目的によります。一気に入れる方が育成は効率的ですが、少しずつ分けた方が文化を保ちやすくなります。
仕組みがないまま採用するとどうなりますか?
人件費だけが増えます。戦力化する前に離職が続き、育成コストだけが残って赤字に転じるケースもあります。
採用の前に何を考えるべきですか?
5つの選択肢です。自分でやる、メンバーに任せる、外注する、AIに任せる、採用するの順で検討します。
AIはどこまで採用の代替になりますか?
一部でも代替できます。全部は無理でも一部をAIに任せることで、既存の社員で回せるという結論になる場合があります。
業務委託や契約社員から始める利点は何ですか?
相互に確認できることです。面接だけでは見抜けない部分を実際の仕事で確かめてから、正社員への移行を判断できます。
採用コストはどう計算しますか?
費用と時間の両方です。エージェント費用や広告費に加え、面接や育成にかける時間コストも含めて算出します。
黒字社員化とは何ですか?
その社員が利益を生み始める時点です。入社から何か月または何年でそこに到達するかを一度計算しておきます。
オンボーディングでは何を準備しますか?
3つです。マニュアル、権限、AIツールを入社初日までに用意し、自走できるまで伴走します。
まとめ
- 採用強化で崩れる原因は人ではなく、数を先に決めて仕組みを後回しにする構造です。

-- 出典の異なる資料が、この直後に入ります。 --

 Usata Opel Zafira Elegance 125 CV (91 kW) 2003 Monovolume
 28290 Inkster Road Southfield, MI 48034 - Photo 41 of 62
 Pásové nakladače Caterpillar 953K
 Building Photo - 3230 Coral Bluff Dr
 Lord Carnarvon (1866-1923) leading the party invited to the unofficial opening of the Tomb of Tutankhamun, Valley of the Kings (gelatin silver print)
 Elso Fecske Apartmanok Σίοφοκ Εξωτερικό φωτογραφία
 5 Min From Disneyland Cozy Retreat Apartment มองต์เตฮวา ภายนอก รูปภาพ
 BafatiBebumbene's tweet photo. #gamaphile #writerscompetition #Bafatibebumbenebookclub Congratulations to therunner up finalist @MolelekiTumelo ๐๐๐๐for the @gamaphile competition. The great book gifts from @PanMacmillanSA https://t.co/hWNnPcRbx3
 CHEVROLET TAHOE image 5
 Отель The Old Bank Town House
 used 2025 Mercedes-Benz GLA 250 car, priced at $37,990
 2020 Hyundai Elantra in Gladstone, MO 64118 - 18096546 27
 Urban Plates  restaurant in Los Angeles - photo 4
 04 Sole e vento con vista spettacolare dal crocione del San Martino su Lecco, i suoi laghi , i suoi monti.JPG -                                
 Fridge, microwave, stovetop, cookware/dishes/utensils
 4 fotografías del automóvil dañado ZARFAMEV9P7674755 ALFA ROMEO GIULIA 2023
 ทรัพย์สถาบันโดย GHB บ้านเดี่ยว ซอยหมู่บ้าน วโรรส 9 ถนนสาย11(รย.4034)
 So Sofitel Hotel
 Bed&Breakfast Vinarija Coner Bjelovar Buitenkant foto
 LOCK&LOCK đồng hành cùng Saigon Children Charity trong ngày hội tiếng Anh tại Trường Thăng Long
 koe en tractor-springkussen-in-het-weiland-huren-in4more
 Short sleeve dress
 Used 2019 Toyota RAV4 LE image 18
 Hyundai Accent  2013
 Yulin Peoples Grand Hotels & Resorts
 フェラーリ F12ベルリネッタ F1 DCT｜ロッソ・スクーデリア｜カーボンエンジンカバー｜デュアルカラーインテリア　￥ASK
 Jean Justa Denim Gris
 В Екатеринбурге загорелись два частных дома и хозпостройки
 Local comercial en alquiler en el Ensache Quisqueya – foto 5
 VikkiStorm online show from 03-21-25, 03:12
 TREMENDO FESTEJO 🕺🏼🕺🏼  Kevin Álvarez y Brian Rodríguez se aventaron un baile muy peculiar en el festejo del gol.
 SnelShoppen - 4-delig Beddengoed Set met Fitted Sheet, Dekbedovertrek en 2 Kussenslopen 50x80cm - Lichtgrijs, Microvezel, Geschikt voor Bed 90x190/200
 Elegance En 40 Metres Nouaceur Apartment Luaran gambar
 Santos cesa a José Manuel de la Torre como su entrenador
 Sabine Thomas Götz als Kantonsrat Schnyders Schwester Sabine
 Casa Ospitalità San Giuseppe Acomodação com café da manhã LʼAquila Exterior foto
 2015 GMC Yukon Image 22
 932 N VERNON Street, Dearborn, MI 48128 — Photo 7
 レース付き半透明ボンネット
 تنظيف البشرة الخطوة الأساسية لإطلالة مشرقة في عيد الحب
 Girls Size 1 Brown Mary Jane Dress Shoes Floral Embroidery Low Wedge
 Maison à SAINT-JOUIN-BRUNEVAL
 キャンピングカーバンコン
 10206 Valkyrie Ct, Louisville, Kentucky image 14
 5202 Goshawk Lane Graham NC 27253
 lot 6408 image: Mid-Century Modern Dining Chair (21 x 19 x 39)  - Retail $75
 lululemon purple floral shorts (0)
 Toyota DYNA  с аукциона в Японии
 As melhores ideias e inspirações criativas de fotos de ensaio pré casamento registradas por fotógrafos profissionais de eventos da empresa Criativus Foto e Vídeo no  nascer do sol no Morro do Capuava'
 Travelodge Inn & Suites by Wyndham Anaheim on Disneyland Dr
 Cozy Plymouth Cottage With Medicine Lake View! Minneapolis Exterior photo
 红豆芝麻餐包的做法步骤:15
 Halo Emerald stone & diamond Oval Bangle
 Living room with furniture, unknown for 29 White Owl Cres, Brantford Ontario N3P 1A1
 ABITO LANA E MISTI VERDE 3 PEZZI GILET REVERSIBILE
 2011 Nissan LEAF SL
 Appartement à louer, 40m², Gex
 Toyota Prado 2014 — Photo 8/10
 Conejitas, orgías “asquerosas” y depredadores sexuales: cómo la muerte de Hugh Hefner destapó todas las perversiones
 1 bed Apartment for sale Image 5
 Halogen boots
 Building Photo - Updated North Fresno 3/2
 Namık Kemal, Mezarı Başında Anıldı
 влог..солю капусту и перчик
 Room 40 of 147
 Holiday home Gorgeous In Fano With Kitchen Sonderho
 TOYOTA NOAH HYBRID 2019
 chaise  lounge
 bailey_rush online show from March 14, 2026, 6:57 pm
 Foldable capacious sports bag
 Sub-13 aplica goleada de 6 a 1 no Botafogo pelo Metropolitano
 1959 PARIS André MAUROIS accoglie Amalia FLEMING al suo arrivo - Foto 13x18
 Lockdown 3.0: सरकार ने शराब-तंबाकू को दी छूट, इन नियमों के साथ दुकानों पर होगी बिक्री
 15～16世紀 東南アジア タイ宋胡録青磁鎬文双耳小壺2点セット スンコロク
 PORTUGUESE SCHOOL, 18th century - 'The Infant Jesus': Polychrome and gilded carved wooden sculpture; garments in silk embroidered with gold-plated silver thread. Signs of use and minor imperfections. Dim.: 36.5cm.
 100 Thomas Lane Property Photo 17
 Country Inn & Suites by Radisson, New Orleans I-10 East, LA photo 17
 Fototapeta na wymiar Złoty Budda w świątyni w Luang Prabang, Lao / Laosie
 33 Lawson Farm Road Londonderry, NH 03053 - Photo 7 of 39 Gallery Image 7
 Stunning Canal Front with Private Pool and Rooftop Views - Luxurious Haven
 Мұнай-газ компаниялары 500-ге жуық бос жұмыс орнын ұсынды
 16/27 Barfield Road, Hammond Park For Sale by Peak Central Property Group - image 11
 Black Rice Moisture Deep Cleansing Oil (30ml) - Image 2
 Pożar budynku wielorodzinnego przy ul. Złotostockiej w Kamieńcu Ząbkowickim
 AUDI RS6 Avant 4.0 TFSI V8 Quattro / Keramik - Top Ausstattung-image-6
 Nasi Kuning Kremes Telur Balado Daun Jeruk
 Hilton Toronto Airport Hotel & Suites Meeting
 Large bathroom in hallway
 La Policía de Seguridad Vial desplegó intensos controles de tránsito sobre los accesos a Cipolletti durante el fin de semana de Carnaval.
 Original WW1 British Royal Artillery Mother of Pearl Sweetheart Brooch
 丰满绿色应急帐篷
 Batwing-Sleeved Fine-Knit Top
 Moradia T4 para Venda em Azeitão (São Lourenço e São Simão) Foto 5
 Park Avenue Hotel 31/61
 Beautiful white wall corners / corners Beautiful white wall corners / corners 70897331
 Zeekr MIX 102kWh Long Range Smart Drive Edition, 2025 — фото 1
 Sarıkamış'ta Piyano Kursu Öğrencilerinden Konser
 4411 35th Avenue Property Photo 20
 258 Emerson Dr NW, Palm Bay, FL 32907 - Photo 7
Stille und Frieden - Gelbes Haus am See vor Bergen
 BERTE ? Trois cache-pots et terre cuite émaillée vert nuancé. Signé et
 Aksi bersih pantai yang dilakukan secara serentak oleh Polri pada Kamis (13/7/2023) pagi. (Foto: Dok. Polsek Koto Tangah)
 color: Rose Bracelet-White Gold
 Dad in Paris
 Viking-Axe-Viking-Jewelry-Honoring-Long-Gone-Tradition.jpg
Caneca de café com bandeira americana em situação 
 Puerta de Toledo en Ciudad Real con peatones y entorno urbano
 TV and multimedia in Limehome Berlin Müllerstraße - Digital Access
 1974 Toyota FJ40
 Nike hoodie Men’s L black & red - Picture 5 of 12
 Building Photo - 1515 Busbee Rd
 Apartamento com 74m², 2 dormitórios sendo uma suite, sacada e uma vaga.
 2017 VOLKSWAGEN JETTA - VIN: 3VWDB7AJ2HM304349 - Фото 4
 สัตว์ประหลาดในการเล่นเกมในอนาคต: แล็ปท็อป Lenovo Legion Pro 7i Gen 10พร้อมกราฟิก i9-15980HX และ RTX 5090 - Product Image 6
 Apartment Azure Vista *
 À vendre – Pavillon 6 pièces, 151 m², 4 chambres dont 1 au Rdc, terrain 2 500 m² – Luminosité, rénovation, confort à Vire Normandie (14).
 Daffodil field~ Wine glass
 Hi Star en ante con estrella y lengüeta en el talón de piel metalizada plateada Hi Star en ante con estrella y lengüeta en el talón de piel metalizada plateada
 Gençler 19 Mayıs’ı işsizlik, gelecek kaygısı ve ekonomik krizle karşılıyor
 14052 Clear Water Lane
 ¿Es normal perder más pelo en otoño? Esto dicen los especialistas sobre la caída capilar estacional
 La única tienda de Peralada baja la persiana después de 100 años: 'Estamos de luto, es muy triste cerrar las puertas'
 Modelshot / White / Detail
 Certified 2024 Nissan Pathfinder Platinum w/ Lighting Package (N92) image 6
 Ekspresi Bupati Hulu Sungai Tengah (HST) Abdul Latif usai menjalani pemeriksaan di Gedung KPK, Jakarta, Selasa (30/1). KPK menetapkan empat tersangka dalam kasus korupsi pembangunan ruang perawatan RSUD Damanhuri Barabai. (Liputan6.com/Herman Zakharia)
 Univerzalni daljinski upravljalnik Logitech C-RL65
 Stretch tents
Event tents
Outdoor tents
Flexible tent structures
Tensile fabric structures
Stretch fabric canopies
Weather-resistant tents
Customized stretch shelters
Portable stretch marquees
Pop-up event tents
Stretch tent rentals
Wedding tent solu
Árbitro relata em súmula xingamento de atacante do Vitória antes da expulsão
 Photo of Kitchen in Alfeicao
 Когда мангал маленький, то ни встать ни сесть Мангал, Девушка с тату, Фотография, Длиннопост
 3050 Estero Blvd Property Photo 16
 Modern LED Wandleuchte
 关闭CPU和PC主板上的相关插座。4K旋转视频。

- 崩壊につながる理由は5つで、数の妥協、管理コスト、育成負担、文化の希釈、仕組みの欠如です。
- 業務が発生したときの選択肢は5つあり、採用は最後の手段として位置づけます。
- 正社員の前に業務委託や契約社員でお試しをすると、面接だけでは見抜けない部分を確認できます。
- 採用すると決めたら、1人あたりのコストと黒字化時期を計算し、初日から自走できる準備を整えます。
まずは今動いている採用について、1人あたりのコストと黒字社員になる時期を計算するところから始めてください。